The man sets his load on the table at the center of the room.
“Well,” he says, “—what is it that I’ve missed?”
* * * *
He appears to Thomas & the other disciples
JUST OVER A WEEK LATER, the disciples were indoors again and Thomas was with them. The doors were shut, but Jesus came and stood in the middle of them and said, “Peace be with you!”
Then he said to Thomas, “Put your fingers here—look, here are my hands. Take my hand and put it in my side. You must not doubt, but believe.”
“My Lord and my God!” cried Thomas.
“Is it because you have seen me that you believe?” Jesus said to him. “Happy are those who have never seen me and yet have believed!”
Forty years later…
HE CAN FEEL THAT THE END is drawing near. The crowds breathe it. They press closer and closer; their eyes lit with growing rage. Some have spears and short daggers in hand. The tips of the spears and blades of the knives flash with sunlight. Their robes are peculiar and multicolored. They flap like butterfly wings, snapping loudly, whenever they raise their arms.
The man begins to pray in his spirit:
“Lord, I am prepared today to come to you—receive me. Let these, my killers, see the grace of a death died in you. Forgive them. May they all come to know you; to receive you. Let them know your face without seeing. May their faith trump mine.”
As he prays, he is looking past the crowds at the waters of the Kalinga Sagar: turquoise blue, with low white-topped waves coming in, row on row. It is an infinite sea compared to the little one where this all started…

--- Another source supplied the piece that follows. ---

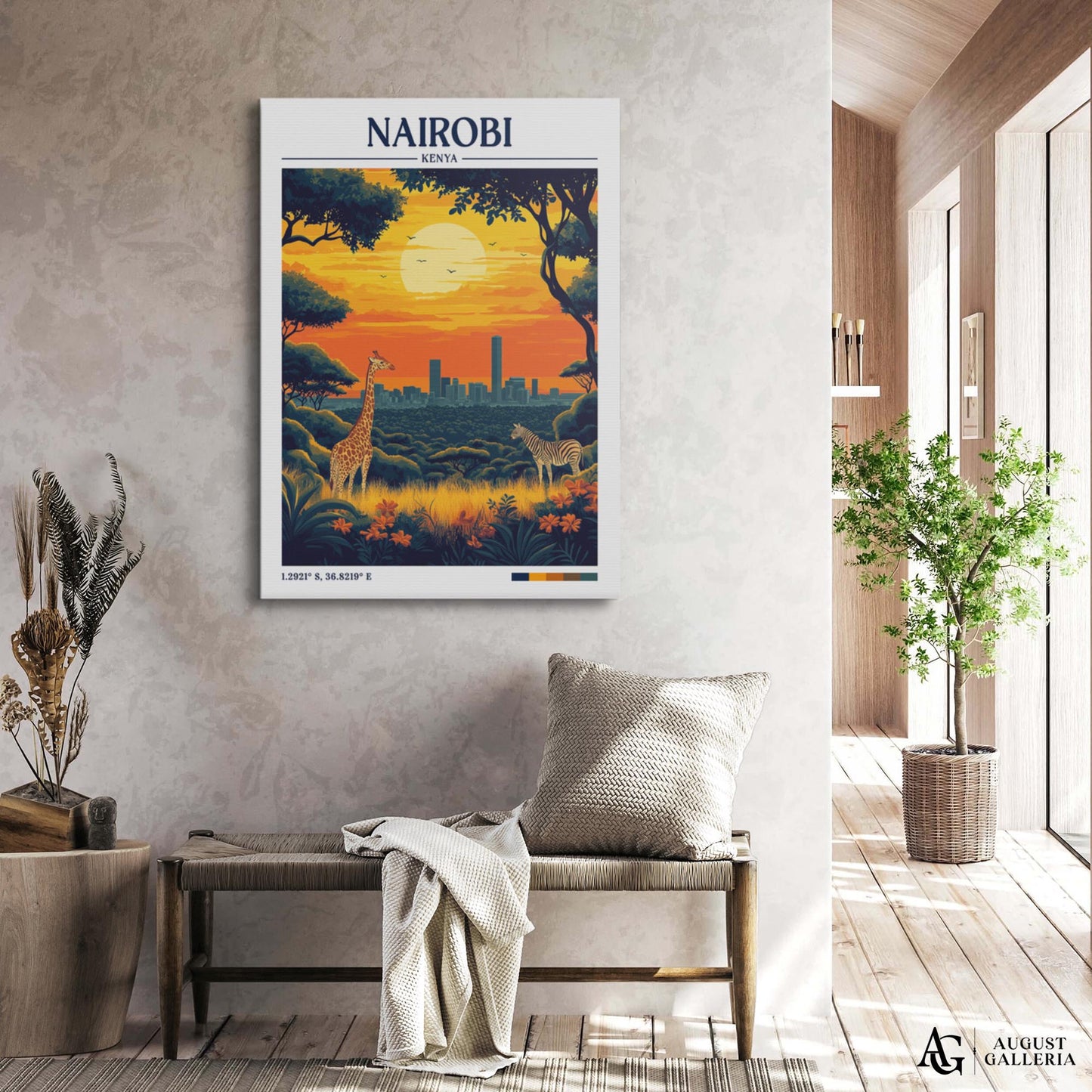 Nairobi Kenya Retro Travel Print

He feels the crowd drawing closer…
He raises his hands, as if to bless, as they begin to strike him…
"I Look at Him and Smile"
"When at last the disciples awakened the sleeping Christ, He asked them a question. You remember it well! It was, 'Where is your faith?' Where was it? Had it dropped into the depths of the sea on which they sailed? Had it fled on the shoulders of the storm? Had it been dissolved in the spray that washed their boat? Their Faith was with them all the time. The mistake they made was in forgetting the fact of His presence, while discerning the fact of the storm! Their Faith was not far away. Remember the words of our Lord, 'Without me ye can do nothing.'
"Then Jesus advanced to the bow of the boat. He looked into the face of the tempest and hurled His command into the teeth of the storm. The waves obeyed. The wind halted in its tracks. Jesus had spoken, and the disciples stood awed in the presence of His power. Where was their faith? Do you not know? Can you not see? It was just as near to them as it is to you and me; for let me assure you that the fact of the storm does not mean that He has gone! To be needy is no proof that you have been deserted. It may be the door that leads to a miracle! It may be God’s method of making you say, 'What manner of man is this, that even the wind and the seas obey Him?' ...
"Roll on, blue waves of Galilee! Blow and moan, ye winds that rage, and ye tempests that blow. You laugh at my seeming helplessness. You ridicule my endeavors to stand in the midst of the rocking of the boat. You ask me where my faith is. You taunt me about my condition. My Faith is not far away! He sleeps awhile, to teach me to rely upon Him. He sleeps, that confidence in self might be turned to trust in His promise and in the power of His presence. No, my Faith is not far away. I look at Him and smile; for His voice whispers to this poor heart of mine, and tells me that if He can rest in the midst of the tempest and the storm, then I can sweetly rest in Him."
Charles S. Price, The Real Faith
And Loves Us Still
"How good it would be if we could learn that God is easy to live with. He remembers our frame and knows that we are dust. He may sometimes chasten us, it is true, but even this He does with a smile, the proud, tender smile of a Father who is bursting with pleasure over an imperfect but promising son who is coming every day to look more and more like the One whose child he is.
"Some of us are religiously jumpy and self-conscious because we know that God sees our every thought and is acquainted with all our ways. We need not be. God is the sum of all patience and the essence of kindly good will. We please Him most, not by frantically trying to make ourselves good but by throwing ourselves into His arms with all our imperfections, and believing that He understands everything and loves us still."